Wednesday, April 15, 2009

Some Words From Our Masters

Let us keep Wednesdays as a day for setting forth some thoughts from our two masters: two fellow students who have preceded us on the path we struggle along...
From its birth, Greek science is all impregnated with theology, but with a pagan theology. That Theology teaches that the heavens and the stars are gods. It teaches dial they cannot have other motion than circular and uniform motion which is the perfect motion. It curses the impiety that would dare to attribute a motion to the earth, sacred foyer of the divinity. If these theological doctrines have furnished some postulates, provisionally useful for the science of nature, they quickly became for physics what harnesses become for children: fetters. Had the human spirit not broken those fetters, it would not have been able to surpass Aristotle in physics and Ptolemy in astronomy.
Now, what has broken these fetters? Christianity. Who, above all, profited by the liberty so acquired for pushing on for the discovery of a new science? The Scholastics. Who, in the middle of the 14th century, dared to declare that the heavens were not at all moved by divine or angelic intelligences but by an indestructible impulsion received from God at the moment of creation? A Master of Arts in Paris, John Buridan. Who in 1377 has declared the diurnal motion of the earth, a motion more simple and satisfactory for the mind than the diurnal motion of the heavens? Who has neatly refuted all the objections raised against the former of these movements? another Master in Paris, later the bishop of Lisieux, Nicole Oresme. Who has founded the dynamics, discovered the law of the fall of bodies, posed the foundations of geology? The Parisian scholastic and in times when the Catholic orthodoxy of the Sorbonne was proverbial all over the world.
[PD quoted in Hélène Pierre-Duhem's Un savant français:Pierre Duhem; translation from Jaki's Scientist and Catholic: Pierre Duhem, 238-9]

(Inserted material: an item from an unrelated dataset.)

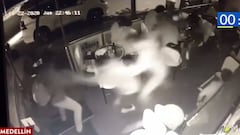 Tres hombres armados intentan robar un restaurante y salen corriendo al ver al dueño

That the casting of one's lot with Christ is also an act most worthy of science, may undoubtedly be a comforting thought in an age or science. It is a thought with many aspects. In it one can see Christ as the assurance for such notions as creation out of nothing, creation in time, a fully ordered universe, and purpose (cosmic and individual) - an assurance that alone assured the rise of science.

The truth of all this will seem natural for Catholics ready to reflect on the true grandeur of Christ. A truly divine Incarnate Logos, the Creator and Redeemer of the universe, should, even in a purely conceptual perspective, appear to have universal significance. The same Logos should therefore appear most significant for the rise and future of science which has nothing less than the universe for its framework and subject.